Task to complete: Only one stretch of the data below is wanted: the lines starting at the one with "Комплект штор Декорин" and ending at the one with "Urgo Ultra-Protecteur Pansements", both included, given again exactly.

Material for this exercise:
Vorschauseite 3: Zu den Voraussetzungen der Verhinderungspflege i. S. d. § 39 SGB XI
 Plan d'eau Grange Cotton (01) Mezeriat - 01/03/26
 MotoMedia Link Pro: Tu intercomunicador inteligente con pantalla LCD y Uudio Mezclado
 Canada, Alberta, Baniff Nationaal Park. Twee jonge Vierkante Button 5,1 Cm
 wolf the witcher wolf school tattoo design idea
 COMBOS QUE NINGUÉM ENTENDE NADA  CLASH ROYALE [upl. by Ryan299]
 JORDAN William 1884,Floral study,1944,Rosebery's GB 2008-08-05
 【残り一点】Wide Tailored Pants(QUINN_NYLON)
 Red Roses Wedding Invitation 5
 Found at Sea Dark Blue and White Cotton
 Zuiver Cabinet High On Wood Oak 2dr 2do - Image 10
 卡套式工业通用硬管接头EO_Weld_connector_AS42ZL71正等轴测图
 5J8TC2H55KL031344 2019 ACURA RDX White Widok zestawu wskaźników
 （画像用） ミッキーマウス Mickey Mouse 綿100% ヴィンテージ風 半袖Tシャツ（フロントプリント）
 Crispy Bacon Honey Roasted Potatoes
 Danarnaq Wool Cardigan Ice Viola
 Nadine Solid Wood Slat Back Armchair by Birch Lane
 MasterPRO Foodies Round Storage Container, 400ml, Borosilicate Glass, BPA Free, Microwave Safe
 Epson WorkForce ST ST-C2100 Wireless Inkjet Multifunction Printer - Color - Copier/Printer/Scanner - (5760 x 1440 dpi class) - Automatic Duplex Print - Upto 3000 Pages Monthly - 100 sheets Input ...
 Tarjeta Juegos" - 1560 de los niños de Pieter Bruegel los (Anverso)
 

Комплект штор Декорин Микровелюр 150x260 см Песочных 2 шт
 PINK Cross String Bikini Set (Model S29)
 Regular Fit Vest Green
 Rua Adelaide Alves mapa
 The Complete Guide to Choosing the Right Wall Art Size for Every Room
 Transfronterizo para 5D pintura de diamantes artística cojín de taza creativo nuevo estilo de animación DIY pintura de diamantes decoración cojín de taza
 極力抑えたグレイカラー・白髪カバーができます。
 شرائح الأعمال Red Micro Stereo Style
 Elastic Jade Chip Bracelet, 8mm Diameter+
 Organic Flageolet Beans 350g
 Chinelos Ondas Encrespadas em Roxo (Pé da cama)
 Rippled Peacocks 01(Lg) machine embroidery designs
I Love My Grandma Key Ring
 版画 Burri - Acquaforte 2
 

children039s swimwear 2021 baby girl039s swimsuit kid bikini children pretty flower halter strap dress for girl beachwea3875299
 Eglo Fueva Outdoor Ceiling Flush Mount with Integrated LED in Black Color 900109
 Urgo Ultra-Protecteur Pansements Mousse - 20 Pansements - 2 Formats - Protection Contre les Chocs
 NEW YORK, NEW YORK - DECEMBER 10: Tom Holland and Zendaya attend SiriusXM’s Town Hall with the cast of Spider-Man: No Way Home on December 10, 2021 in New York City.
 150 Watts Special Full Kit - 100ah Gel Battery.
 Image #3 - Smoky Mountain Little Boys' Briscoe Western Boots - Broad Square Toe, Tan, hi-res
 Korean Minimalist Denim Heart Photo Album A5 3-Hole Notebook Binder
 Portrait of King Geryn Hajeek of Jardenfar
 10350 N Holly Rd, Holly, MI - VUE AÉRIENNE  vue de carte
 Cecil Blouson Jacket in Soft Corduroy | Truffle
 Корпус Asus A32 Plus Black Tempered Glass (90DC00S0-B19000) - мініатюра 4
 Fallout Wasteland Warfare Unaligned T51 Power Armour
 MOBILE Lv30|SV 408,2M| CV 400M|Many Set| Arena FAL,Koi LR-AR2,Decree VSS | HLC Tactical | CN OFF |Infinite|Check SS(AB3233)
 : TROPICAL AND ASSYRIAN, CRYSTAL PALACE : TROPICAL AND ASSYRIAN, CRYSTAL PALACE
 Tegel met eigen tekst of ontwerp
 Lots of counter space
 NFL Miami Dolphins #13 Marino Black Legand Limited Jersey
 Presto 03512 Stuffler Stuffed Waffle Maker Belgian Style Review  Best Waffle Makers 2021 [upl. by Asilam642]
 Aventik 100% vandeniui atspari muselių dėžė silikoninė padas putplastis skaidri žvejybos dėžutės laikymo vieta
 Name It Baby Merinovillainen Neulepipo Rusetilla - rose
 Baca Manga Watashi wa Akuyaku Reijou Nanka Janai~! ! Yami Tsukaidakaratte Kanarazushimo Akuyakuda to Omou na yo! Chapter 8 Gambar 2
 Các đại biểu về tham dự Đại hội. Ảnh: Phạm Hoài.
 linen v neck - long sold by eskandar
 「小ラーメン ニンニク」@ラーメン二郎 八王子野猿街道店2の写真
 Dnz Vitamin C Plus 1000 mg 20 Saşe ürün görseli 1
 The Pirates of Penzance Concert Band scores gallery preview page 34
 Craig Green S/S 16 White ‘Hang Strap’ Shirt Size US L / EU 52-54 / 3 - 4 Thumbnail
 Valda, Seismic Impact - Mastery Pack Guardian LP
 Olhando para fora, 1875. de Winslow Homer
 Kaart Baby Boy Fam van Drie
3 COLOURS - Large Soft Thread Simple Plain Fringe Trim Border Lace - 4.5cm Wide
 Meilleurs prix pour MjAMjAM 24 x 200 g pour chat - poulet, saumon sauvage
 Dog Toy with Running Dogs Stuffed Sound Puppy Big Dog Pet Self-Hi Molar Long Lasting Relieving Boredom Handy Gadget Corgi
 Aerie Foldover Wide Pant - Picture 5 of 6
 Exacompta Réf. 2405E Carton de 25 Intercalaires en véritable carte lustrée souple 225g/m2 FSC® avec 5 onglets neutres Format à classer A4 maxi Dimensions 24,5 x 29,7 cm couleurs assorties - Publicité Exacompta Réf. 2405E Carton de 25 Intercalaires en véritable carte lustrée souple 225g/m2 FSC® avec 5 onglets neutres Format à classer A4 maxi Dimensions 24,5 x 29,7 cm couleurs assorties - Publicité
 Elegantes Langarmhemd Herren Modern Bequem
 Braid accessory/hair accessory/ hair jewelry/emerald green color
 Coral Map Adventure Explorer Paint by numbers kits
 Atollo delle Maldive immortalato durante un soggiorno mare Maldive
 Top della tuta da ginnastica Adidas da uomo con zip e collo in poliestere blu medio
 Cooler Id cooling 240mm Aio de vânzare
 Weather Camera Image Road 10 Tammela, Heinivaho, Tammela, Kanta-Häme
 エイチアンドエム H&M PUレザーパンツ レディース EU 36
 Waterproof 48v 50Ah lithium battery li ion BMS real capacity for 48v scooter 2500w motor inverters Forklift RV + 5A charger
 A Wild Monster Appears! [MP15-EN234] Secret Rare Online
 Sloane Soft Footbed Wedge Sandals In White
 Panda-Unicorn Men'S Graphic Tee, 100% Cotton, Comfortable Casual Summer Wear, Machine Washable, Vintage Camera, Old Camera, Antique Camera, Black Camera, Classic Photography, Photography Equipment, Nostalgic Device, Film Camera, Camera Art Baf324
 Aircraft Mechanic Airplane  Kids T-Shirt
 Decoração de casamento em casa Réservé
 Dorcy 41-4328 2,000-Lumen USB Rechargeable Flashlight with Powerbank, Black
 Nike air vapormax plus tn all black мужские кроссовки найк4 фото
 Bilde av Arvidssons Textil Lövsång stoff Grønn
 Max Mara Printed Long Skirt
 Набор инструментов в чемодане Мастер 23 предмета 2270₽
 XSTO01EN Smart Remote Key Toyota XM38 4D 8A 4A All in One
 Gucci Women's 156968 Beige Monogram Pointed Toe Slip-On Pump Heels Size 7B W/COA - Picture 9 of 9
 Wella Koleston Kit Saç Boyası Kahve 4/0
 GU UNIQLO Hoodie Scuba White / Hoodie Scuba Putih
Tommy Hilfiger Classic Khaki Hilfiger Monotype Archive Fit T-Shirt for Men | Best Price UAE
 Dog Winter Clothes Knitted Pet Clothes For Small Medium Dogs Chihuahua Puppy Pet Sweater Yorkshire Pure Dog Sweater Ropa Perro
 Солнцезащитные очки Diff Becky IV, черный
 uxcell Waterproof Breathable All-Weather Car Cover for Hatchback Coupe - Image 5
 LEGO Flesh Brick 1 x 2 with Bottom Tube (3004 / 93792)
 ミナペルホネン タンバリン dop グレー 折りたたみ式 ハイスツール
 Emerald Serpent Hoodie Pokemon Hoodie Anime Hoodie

Expected output:
Комплект штор Декорин Микровелюр 150x260 см Песочных 2 шт
 PINK Cross String Bikini Set (Model S29)
 Regular Fit Vest Green
 Rua Adelaide Alves mapa
 The Complete Guide to Choosing the Right Wall Art Size for Every Room
 Transfronterizo para 5D pintura de diamantes artística cojín de taza creativo nuevo estilo de animación DIY pintura de diamantes decoración cojín de taza
 極力抑えたグレイカラー・白髪カバーができます。
 شرائح الأعمال Red Micro Stereo Style
 Elastic Jade Chip Bracelet, 8mm Diameter+
 Organic Flageolet Beans 350g
 Chinelos Ondas Encrespadas em Roxo (Pé da cama)
 Rippled Peacocks 01(Lg) machine embroidery designs
I Love My Grandma Key Ring
 版画 Burri - Acquaforte 2
 

children039s swimwear 2021 baby girl039s swimsuit kid bikini children pretty flower halter strap dress for girl beachwea3875299
 Eglo Fueva Outdoor Ceiling Flush Mount with Integrated LED in Black Color 900109
 Urgo Ultra-Protecteur Pansements Mousse - 20 Pansements - 2 Formats - Protection Contre les Chocs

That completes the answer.